#### Goal of the exercise:
Images are to be dropped, and the rest of the data reproduced exactly.

#### Source material:
----

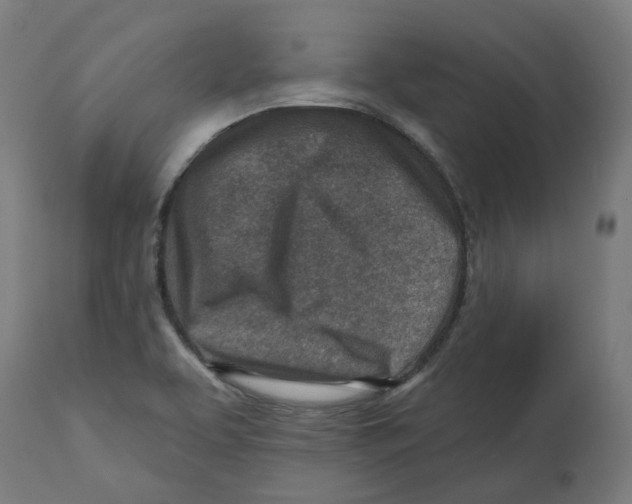 X0000112761463200909171238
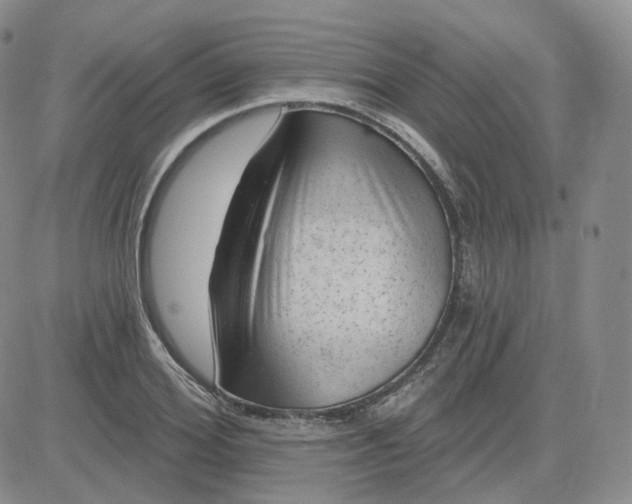 X0000083650980200702261112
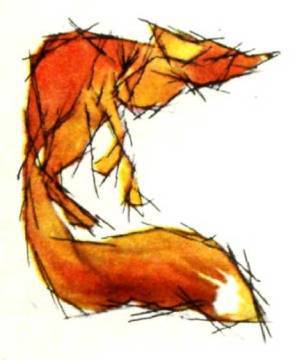 Клоачные, сумчатые, насекомоядные, шерстокрылые, хищные, непарнокопытные и парнокопытные - i_386.jpg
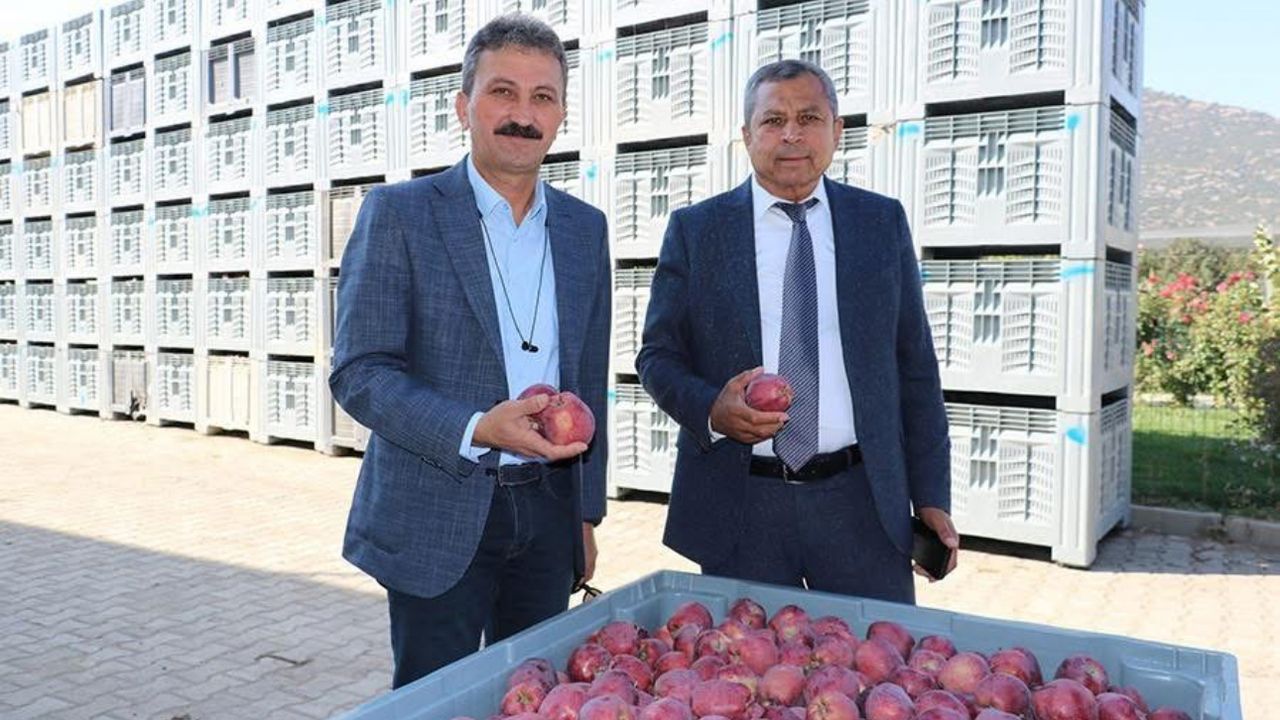 Isparta’da 2025 elma hasadı başladı – Birlik Haber Ajansı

----

#### Result of the exercise:
 X0000112761463200909171238
 X0000083650980200702261112
 Клоачные, сумчатые, насекомоядные, шерстокрылые, хищные, непарнокопытные и парнокопытные - i_386.jpg
 Isparta’da 2025 elma hasadı başladı – Birlik Haber Ajansı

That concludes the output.